Par les temps qui courent, nous sommes submergés de nouveaux mots de jargon, souvent liés à la technologie. Cependant, que signifient-ils au juste ? Et que pouvez-vous en faire ? Magazine Media est heureux de vous servir de guide en donnant la parole à des experts en la matière. Comme Dominique Poncin, Head of Strategy chez DDB Brussels. Nous lui avons demandé de nous éclairer sur la ‘brand purpose’ et la façon dont les marques peuvent s’en servir dans un contexte média.

Plus tôt dans cette série : BlockchainIntelligence Artificielle et First, second & third party data

Pouvez-vous brièvement nous dire ce qu’est la brand purpose ?

Outre la définition classique de ‘purpose, c’est la raison d’être supérieure pour une marque (devant la rentabilité)’, je préfère le plus puissant ‘purpose, c’est l’âme d’une marque’. Chaque entreprise sait CE qu’elle produit, mais rares sont celles qui savent POURQUOI elles sont pertinentes pour la société en général.

Les marques fortes dotées d’une finalité ont souvent un ‘point de vue’ concernant le monde dans lequel elles opèrent. Par exemple IKEA, qui depuis plus de 70 ans déjà est synonyme de ‘to improve the everyday life of the many people’. Il s’agit là d’un but qui n’a en rien perdu de sa pertinence à une époque où nos vies ne cessent de devenir plus complexes et nos habitations plus petites.

Certaines marques ne partent à la recherche d’une finalité qu’après leur création. À l’origine, AS Adventure était un simple détaillant, mais aujourd’hui la marque veut être là pour ‘aider les gens à s’ouvrir à des expériences hors du commun’. Hélas, dans leur quête certaines marques ratent aussi le coche.

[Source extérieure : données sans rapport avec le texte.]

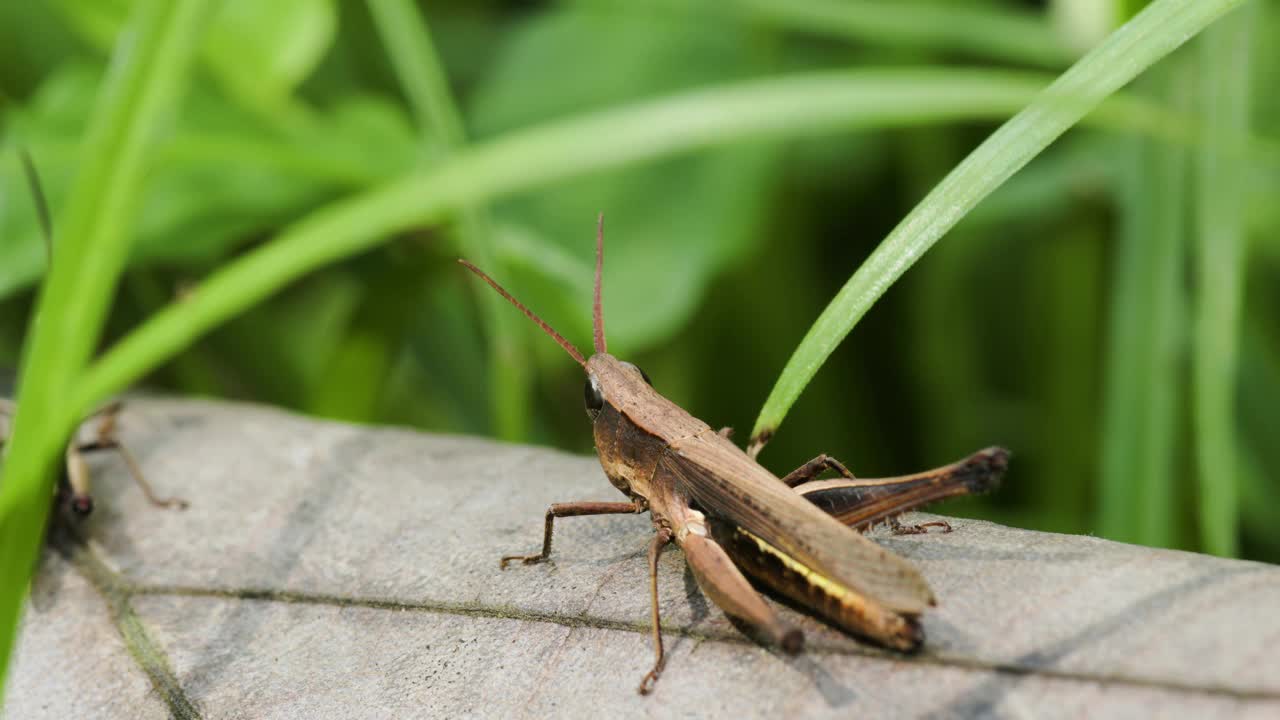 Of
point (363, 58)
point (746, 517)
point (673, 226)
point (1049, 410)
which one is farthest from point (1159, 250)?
point (363, 58)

Au bout de longs trajets, réunissant trop de monde autour de la table, un compromis est griffonné sur un flipchart qui n’emballe personne et qui fait que tout l’exercice d’identification d’une ‘purpose’ manque son but.

Pourquoi cela reste-t-il une tendance en 2018 ?

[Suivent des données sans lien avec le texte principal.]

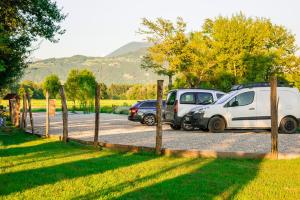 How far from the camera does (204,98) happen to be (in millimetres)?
21078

D’un point de vue business/marketing : parce que ça fonctionne. Dans son livre ‘Grow’, Jim Stengel a pris sous la loupe 50.000 marques sur une période de 10 ans. Il a su démontrer que les marques générant une réelle plus-value dans la vie des gens croissent plus rapidement que le marché.

Mais aussi d’un point de vue communicationnel : parce que c’est un terreau fertile pour des campagnes différenciantes. La brand purpose offre un point de départ pour une communication innovante, quel que soit le produit. Prenez, par exemple, ‘Free the Children’ de Persil : faire campagne autour des avantages du temps libre pour les enfants donne bien plus de latitude que les campagnes sur la puissance de lavage du produit.

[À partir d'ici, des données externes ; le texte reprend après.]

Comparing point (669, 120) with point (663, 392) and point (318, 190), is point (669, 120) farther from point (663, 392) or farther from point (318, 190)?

L’optimiste en moi me dit que la transparence accrue (et les crises de RP qui parfois l’accompagnent) force les marques à tenir compte du monde réel dans lequel elles opèrent. Et puis, il y a aussi le nombre croissant de fusions, une finalité forte pouvant contribuer à mettre tout le monde sur la même longueur d’onde en interne.

Quelles applications/quels liens avec les magazines et les sites Web magazine discernez-vous éventuellement ?

Les magazines et les sites magazine possèdent une grande ‘largeur de bande’. Le contact est plus durable et le lecteur consomme le contenu dans un contexte agréable. Hormis les doubles pages classiques, j’entrevois surtout des applications créatives en matière de ‘contenu natif’. Les éditeurs magazine disposent en effet de toutes les compétences pour vitaliser la ‘purpose’ d’une marque. L’exemple ultime, à mes yeux, est Monocle,qui réussit à transmettre ‘l’âme d’une entreprise’ de façon crédible. Un exemple moins connu mais tout aussi pertinent nous est livré par Quartz (qz.com). Leurs magazine et newsletters jouissent d’une excellente réputation, ce qui ne les empêche pas de collaborer au niveau contenu avec des annonceurs comme IBM ou Exxon afin de rendre pertinent leur ‘purpose’.